• _What this task involves_
Retype precisely the section of the data that starts at the line containing "Image of Home" and runs to its final line, ends included.

• _Information shown_

╔══

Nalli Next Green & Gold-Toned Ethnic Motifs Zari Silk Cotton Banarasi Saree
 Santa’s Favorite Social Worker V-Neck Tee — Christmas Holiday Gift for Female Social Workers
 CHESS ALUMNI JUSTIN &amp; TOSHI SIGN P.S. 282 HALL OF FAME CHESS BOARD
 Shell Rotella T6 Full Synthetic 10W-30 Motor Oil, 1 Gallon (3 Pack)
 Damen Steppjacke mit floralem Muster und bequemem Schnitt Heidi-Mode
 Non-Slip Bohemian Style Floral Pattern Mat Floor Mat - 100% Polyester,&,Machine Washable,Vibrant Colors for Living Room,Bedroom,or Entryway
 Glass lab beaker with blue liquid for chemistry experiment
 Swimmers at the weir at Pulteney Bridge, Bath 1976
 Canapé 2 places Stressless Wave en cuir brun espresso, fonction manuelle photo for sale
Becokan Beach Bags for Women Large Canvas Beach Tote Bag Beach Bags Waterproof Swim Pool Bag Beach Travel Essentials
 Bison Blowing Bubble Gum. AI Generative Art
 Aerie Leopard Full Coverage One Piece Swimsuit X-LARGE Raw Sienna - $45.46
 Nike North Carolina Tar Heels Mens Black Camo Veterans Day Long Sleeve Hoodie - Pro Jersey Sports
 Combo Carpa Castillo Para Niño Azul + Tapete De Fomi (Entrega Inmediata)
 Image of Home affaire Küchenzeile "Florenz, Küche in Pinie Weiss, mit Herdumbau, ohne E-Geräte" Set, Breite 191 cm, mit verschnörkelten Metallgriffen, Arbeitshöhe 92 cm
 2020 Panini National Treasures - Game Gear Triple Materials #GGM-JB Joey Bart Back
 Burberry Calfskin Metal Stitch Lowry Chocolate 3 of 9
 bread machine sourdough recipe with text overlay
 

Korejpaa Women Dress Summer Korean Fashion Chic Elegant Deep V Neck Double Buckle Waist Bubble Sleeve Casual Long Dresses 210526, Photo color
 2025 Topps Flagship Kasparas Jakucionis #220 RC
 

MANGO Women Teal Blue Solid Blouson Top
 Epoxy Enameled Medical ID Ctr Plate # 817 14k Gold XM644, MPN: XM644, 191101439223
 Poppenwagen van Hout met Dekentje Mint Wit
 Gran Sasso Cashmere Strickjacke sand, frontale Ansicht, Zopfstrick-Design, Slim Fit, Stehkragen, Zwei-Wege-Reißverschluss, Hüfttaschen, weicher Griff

╚══

• _The answer_
 Image of Home affaire Küchenzeile "Florenz, Küche in Pinie Weiss, mit Herdumbau, ohne E-Geräte" Set, Breite 191 cm, mit verschnörkelten Metallgriffen, Arbeitshöhe 92 cm
 2020 Panini National Treasures - Game Gear Triple Materials #GGM-JB Joey Bart Back
 Burberry Calfskin Metal Stitch Lowry Chocolate 3 of 9
 bread machine sourdough recipe with text overlay
 

Korejpaa Women Dress Summer Korean Fashion Chic Elegant Deep V Neck Double Buckle Waist Bubble Sleeve Casual Long Dresses 210526, Photo color
 2025 Topps Flagship Kasparas Jakucionis #220 RC
 

MANGO Women Teal Blue Solid Blouson Top
 Epoxy Enameled Medical ID Ctr Plate # 817 14k Gold XM644, MPN: XM644, 191101439223
 Poppenwagen van Hout met Dekentje Mint Wit
 Gran Sasso Cashmere Strickjacke sand, frontale Ansicht, Zopfstrick-Design, Slim Fit, Stehkragen, Zwei-Wege-Reißverschluss, Hüfttaschen, weicher Griff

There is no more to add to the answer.